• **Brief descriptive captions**
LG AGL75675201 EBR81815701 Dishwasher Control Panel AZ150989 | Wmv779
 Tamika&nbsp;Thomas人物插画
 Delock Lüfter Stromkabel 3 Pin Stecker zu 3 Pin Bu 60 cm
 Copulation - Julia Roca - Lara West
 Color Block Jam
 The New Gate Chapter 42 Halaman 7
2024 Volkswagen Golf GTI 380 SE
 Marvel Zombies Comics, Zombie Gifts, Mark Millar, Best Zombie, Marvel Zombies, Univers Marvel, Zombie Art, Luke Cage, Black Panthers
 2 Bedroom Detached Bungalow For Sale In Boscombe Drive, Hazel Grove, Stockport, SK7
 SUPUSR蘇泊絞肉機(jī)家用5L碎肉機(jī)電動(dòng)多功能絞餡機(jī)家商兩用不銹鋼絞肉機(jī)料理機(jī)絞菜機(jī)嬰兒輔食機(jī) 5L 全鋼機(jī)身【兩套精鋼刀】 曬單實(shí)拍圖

• **TASK OBJECTIVE**
Return only those lines that run from the one containing "Copulation - Julia Roca - Lara West" through the end of the entries, keeping each exactly as written.

• **ANSWER FOR THE TASK**
 Copulation - Julia Roca - Lara West
 Color Block Jam
 The New Gate Chapter 42 Halaman 7
2024 Volkswagen Golf GTI 380 SE
 Marvel Zombies Comics, Zombie Gifts, Mark Millar, Best Zombie, Marvel Zombies, Univers Marvel, Zombie Art, Luke Cage, Black Panthers
 2 Bedroom Detached Bungalow For Sale In Boscombe Drive, Hazel Grove, Stockport, SK7
 SUPUSR蘇泊絞肉機(jī)家用5L碎肉機(jī)電動(dòng)多功能絞餡機(jī)家商兩用不銹鋼絞肉機(jī)料理機(jī)絞菜機(jī)嬰兒輔食機(jī) 5L 全鋼機(jī)身【兩套精鋼刀】 曬單實(shí)拍圖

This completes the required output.